よもや、個人的には田口VS田中より興味深い試合が組まれました。
ワタナベジムは本日、WBAチャンピオンの田口良一とIBF王者のミラン・メリンドとの統一戦を発表しました。大田区総合体育館で日本の大晦日の格闘技ナイトで開催されます。
以前はジムメイトで長期王者であった内山高志のアンダーカードを勤めていた田口ですが、内山の引退を受けてメインイベントに抜擢されたのは当然の成り行きでした。
当初は日本の井上尚弥が大晦日を締めくくる大トリを演じるとおもわれたが、昨日発表されたあまりに貧弱な相手は田口の統一戦に匹敵するものではありませんでした。田口は2014年にタイトルを獲得してから人気、実力とも少しづつ上昇しています。
ミラン・メリンドにとっては、日本の3階級王者八重樫東を衝撃の初回KOで下し、元王者、ヒッキー・ブトラー相手に薄氷の防衛をしてこの日を迎えることとなり、目まぐるしく飛躍した1年の締めくくりとなります。
メリンドの静かなる台頭は、テレンス・クロフォードに敗れるまで、彗星のごとく現れ、あっという間に2冠を統一したジュリアス・インドンゴと被るものがあります。最速で2冠王者になる可能性を秘めています。
両者ともにこの試合で得るものも、失うものも多いですが、ヨーロッパ側からすれば、早起きしてこの極東で行われる試合をオンラインで楽しむことは、ボクシングが沸いた今年の締めくくりとしていい選択かもしれません。
目玉がなかった日本の大晦日を締めくくる試合としては大変意義のあるものだとおもいます。京口も初防衛戦で指名挑戦者なのでワタナベジムらしくないです。
テレビ東京からTBSに変わったようですが、内山や大阪のプリンスほどには単体で弱く、過保護する必要のないボクサーであれば厳しめのマッチメイク、軽量級王者が多すぎて名前も覚えきれない状況では、常勝で飾るより、ガチの厳しさを見せつけた方が効果的と方針を改めた結果でしょうか?選手には強敵を避けるチキンハートなどないのだ。
田口は最上位ランカーのカニサレス、バレラを退けた事で自信と信頼を得ました。結構いけるぞと。今時エリートアマではない叩き上げで、技術的には心もとないところもあるけれど、長身細身で優しそうな風貌と違って、彼はスタミナと根性の接近戦のボディファイターであると今では認識しています。スパーで敵わない井上と試合に臨んだ勇気が実を結んで今に至ります。
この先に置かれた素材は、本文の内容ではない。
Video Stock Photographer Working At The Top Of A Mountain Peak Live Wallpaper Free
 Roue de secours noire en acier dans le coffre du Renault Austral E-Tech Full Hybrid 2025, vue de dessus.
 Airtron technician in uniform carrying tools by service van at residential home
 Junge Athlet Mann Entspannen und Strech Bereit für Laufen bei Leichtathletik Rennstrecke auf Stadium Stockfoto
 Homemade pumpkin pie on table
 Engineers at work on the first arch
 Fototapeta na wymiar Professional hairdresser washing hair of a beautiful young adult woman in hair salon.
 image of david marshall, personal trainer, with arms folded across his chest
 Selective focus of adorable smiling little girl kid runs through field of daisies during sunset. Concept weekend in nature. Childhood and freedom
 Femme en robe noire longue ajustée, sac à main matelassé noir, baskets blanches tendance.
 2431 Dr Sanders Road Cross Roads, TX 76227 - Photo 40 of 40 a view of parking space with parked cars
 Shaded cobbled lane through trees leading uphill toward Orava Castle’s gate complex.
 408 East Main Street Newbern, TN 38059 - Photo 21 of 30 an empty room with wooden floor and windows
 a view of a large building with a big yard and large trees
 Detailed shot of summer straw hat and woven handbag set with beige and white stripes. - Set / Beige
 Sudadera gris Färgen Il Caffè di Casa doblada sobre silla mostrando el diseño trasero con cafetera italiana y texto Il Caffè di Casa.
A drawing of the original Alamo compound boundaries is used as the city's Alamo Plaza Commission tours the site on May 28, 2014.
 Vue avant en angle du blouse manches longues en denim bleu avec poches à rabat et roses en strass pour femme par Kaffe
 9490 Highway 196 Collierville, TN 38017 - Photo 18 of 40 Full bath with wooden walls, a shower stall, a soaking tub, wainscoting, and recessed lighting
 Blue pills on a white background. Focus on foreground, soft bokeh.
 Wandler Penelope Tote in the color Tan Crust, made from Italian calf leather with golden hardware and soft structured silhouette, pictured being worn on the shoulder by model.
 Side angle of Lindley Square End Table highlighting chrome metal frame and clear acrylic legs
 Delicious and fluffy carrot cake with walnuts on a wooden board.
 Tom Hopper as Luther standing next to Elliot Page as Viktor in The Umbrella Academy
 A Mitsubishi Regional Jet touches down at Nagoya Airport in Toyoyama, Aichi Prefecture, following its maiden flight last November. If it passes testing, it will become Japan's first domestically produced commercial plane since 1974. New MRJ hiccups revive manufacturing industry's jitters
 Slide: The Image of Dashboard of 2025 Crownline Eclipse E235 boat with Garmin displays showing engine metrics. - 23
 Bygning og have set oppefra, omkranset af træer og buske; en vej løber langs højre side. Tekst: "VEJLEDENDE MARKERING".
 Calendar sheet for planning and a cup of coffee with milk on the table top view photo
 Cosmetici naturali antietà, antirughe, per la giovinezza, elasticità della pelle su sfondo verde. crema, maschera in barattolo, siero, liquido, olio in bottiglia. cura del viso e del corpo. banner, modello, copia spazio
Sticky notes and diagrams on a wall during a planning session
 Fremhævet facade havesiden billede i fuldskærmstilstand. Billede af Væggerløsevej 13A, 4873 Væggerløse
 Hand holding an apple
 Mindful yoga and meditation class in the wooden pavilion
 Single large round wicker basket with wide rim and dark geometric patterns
日本に世界に通じる芸術的なアウトボクサーはあまりいず、というか向かず、見た目に反して接近戦、スタミナ、根性、ボディやショートが活路の名選手は実は多い気がします。
レパード玉熊
鬼塚勝也
畑山隆則
そして、彼ら以上に本格的な相手を選ぶほどに田口はたくましく成長してきたのだな。小柄なメリンドは接近戦も巧みで日本人に打てないアッパーなども多彩です。やはり総合力ではメリンドが有利ではないかなとおもいますが、エンドレスに前進してボディを叩き、ガードも堅実な田口はかなり期待できそうです。
仮にここで負けるとしても、実績と勇敢さでは3人いるLフライ級日本人世界王者の中で田口の存在価値は輝きを失わないだろう。
ここを制して次に向かうのはどちらか?
田口VS田中
メリンドVS田中
フライも独占している日本勢としては(一個空いたか)こういう戦いが必要です。奇しくも長谷川や内山の引退や、三浦や亀海や井上の海外の姿を目のあたりにし、やっと本物と相まみえねばという覚悟が備わってきたと感じる昨今です。
現時点での予想はメリンドですが、ブトラーにも大苦戦で結構満身創痍な状態です。カットも多い。田口は通用する、打ち破れるとすらおもっていますよ・・・
WBOは田中の怪我を受けて、アコスタが暫定王座戦に出るそうですが、WBO本部プエルトリコとしてはアコスタは何が何でも冠を持たせたい贔屓選手なのでしょう。WBCのネリ同様。